Working with MSU’s community partners


It’s a good thing when we have a chance to get out into the community, to roll up our sleeves and put the resources of this great university to work on behalf of the people who support us. A lot of MSU folks do that every day.

Last Monday afternoon, I had the opportunity to do a little of that as well.

Michigan State University is really part of a broader community, around the state and around the world. And over the years, MSU presidents have participated in a wide variety of discussions with various governmental groups around issues of particular concern. One of the places we focus time and attention is the mid-Michigan area, not only because it’s important for the recruitment, retention and success of Michigan State, but also because, as a land-grant university, that kind of engagement on behalf of the public good is what we do.

You’ve probably heard about some of the challenges facing the Lansing School District right now. Enrollments have been declining, deferred maintenance requirements are staggering and costs have been soaring.
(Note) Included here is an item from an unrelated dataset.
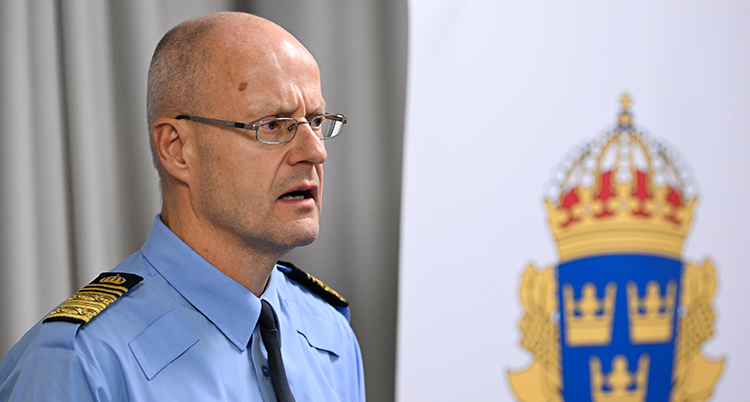 Mats Löfving i polisskjorta.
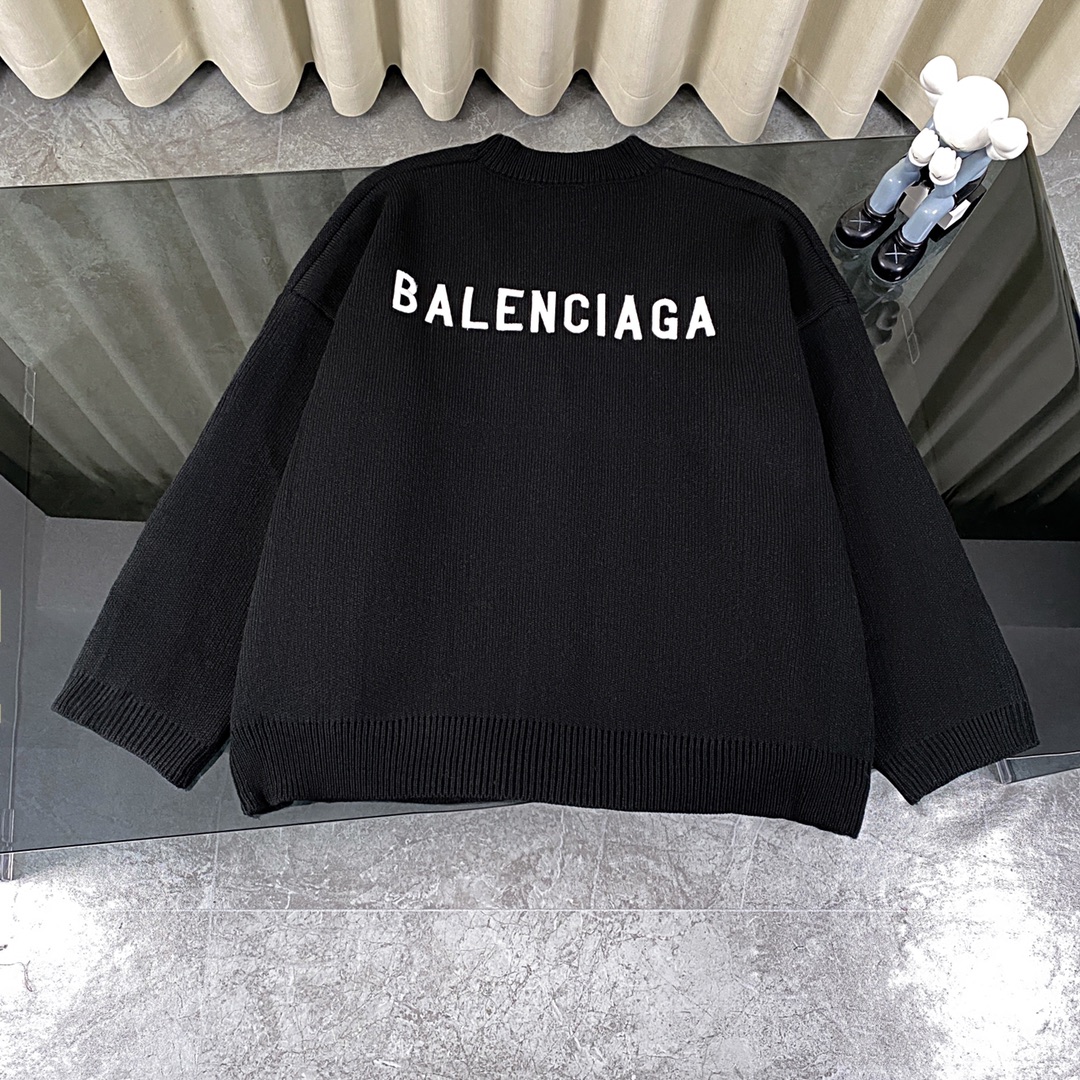 Luxurious Balentiaga FW23 Paris Sweater Coats with Intricate Embroidery and Soft Comfort - 图片 2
The school board was faced with some particularly difficult decisions to balance financial resources, educational programming and community schools. In the end, they resolved to put educating children ahead of keeping buildings open. But even so, a lot of people who have schools closing in their neighborhoods feel like they’ve been dealt a very bad hand.

So Lansing Mayor Tony Benavides put together a Commission on Schools and Neighborhoods—co-chaired by Lansing Community College President Paula Cunningham and me—not to revisit the Board’s decisions, but to figure out what we can do together to help sustain vital neighborhoods, to look at economic development opportunities in those neighborhoods, and to find ways for them to remain viable and strong even when their schools are a bit further away.

Staff from the city, from LCC and from MSU have been meeting for weeks to lay the groundwork and to outline the issues. Mayor Benavides and his staff, President Cunningham, and the MSU team—that included Assistant Provost for University Outreach & Engagement Hi Fitzgerald, John Schweitzer from the Center for Urban Affairs, Patricia Farrell from the Department of Family and Child Ecology and University Outreach, and Bettie Menchik from the College of Education—met for the first time on Monday.

I’m really proud of the role that our faculty and staff have played so far, particularly their willingness to bring their best thinking to the table to address this issue with cutting-edge research and creativity. We already have many connections with Lansing and the Lansing School District. For example, 700-800 MSU students already volunteer in Lansing schools through service learning each semester. That’s all part of the spirit of an engaged university that’s not just located in this community, but a part of it.

As is typical when you’re addressing complex problems, out of our meeting came another meeting where we’ll focus on finding strategies to engage both the citizens and some of the best minds LCC and MSU have to offer and to begin working toward recommendations.

We’ll be looking at what lessons there are to be learned, what kinds of options might be available, and thinking about ways in which neighborhoods can contribute to the success of schools, instead of simply focusing on the idea that the presence of school is essential for the success of a neighborhood.

And as the discussions go forward, our emphasis will be on neighborhood approaches.

No one in any of these neighborhoods would choose the hand they’ve been dealt. But part of being a land-grant university is figuring out how best to play the cards we have and turn them into a winning hand.

It’s easy to feel like you’re making a difference if you only address questions that have relatively clear solutions. But our land-grant mission demands that we also take on the more perplexing problems, and that we use the knowledge and resources we have to make a difference, to improve the quality of people’s lives and to make the world a better place—sometimes one neighborhood at a time.